The Bouvier des Flandres is a herding dog breed originating in Flanders, Belgium. They were originally used for general farm work including cattle droving, sheep herding, and cart pulling, and nowadays as guard dogs and police dogs, as well as being kept as pets. The French name of the breed means, literally, "Cow Herder of Flanders", referring to the Flemish origin of the breed. Other names for the breed are Toucheur de Boeuf (cattle driver), Vlaamse Koehond (Flemish cow dog), and Vuilbaard (dirty beard).

History

The monks at the Ter Duinen monastery were among the earliest known dog breeders in Flanders. The bouviers bred by them are recorded as having been bred from imports such as Irish wolfhounds and Scottish deerhounds with local farm dogs, until a breed considered to be the predecessor of the modern Bouvier des Flandres was obtained. This became a working dog able to perform tirelessly, herding and guarding cattle and even pulling cargo carts, thanks to its strength and temperament, and to withstand the local weather conditions due to its thick coat. The breed's practical use became antiquated after the invention of the automobile, when cattle were more practically transported by trucks.

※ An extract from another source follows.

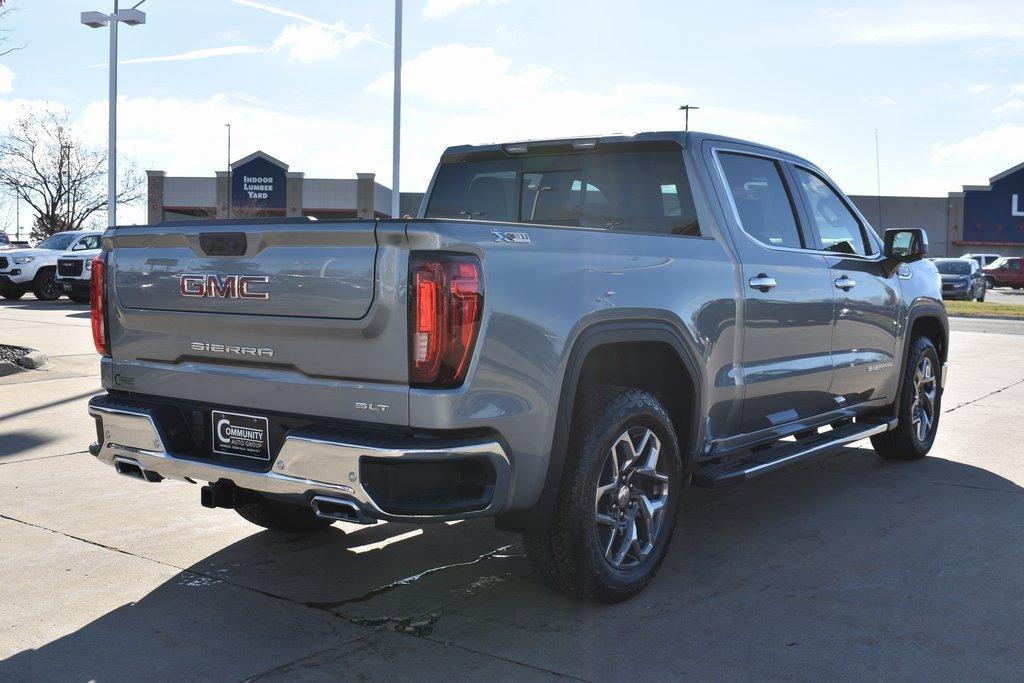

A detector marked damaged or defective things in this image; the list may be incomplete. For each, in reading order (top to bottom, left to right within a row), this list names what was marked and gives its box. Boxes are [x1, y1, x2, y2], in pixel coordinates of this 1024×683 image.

crack in concrete [942, 376, 1024, 413]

Historically, the ear cropping and tail docking could have been done for practical reasons, avoiding accidental amputations in the course of work, or to indicate the dog was working stock and not a pet subject to taxation.

Up until the early 20th century, the breed was not completely defined, with three variants: Paret, Moerman or Roeselare, and Briard. Conflict between the proponents of these three variants held the breed's development back. In 1912 and 1913, several local kennel clubs recognized standards for Bouviers; however they usually had different standards for the Roeselare and other variants.

World War I nearly caused the breed to disappear, due to the devastation that came over its region of origin and the fact that the dogs were used for military purposes. Indeed, Nic, a male trained as a trench dog who served during the war and was a perennial winner at dog shows after the war, is considered to be the founder of the early Bouvier des Flandres breed.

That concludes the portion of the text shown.